### Theory:

A general quadrilateral can be split into two triangles by drawing one of its diagonals.

Area of quadrilateral: The area is half the product of the diagonal and sum of heights of two triangles in it.

Area of quadrilateral = $\frac{1}{2}d\left({h}_{1}+{h}_{2}\right)$.

where $$d$$ denotes the length of diagonal.
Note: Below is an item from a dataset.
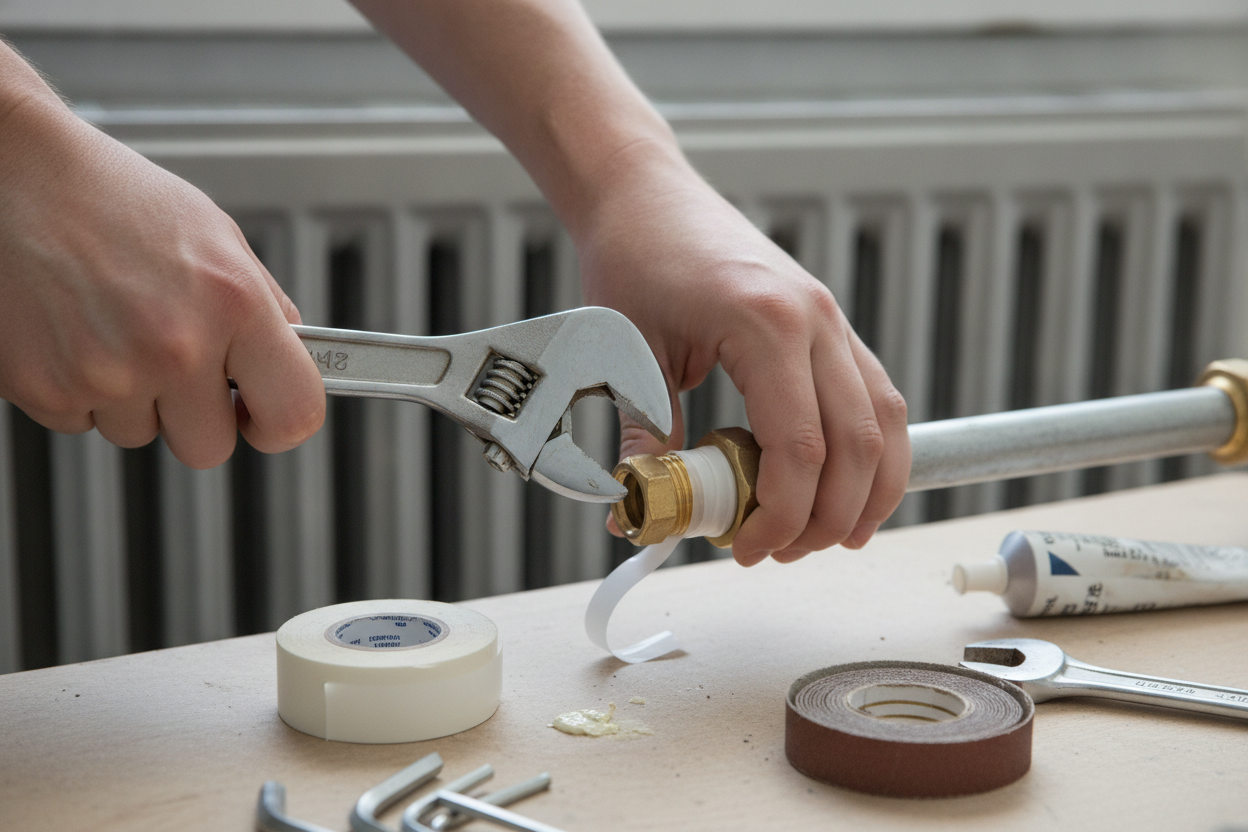 Technicien serrant un raccord de radiateur avec une clé, outils et filasse PTFE visibles.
where ${h}_{1}$ and ${h}_{2}$ is denoted as heights.

Proof: Area of quadrilateral = $\frac{1}{2}d\left({h}_{1}+{h}_{2}\right)$.

Area of quadrilateral $$ABCD =$$ (Area of $$△ ABC$$) $$+$$ (Area of  $$△ ACD$$).

$$=$$ $\left(\frac{1}{2}\phantom{\rule{0.147em}{0ex}}\mathit{AC}×{h}_{1}\right)$ $$+$$ $\left(\frac{1}{2}\phantom{\rule{0.147em}{0ex}}\mathit{AC}×{h}_{2}\right)$.

$$=$$ $\frac{1}{2}\mathit{AC}\left({h}_{1}+{h}_{2}\right)$.

$$=$$ $\frac{1}{2}d\left({h}_{1}+{h}_{2}\right)$.

Therefore, Area of quadrilateral $$=$$ $\frac{1}{2}d\left({h}_{1}+{h}_{2}\right)$ $$square units$$.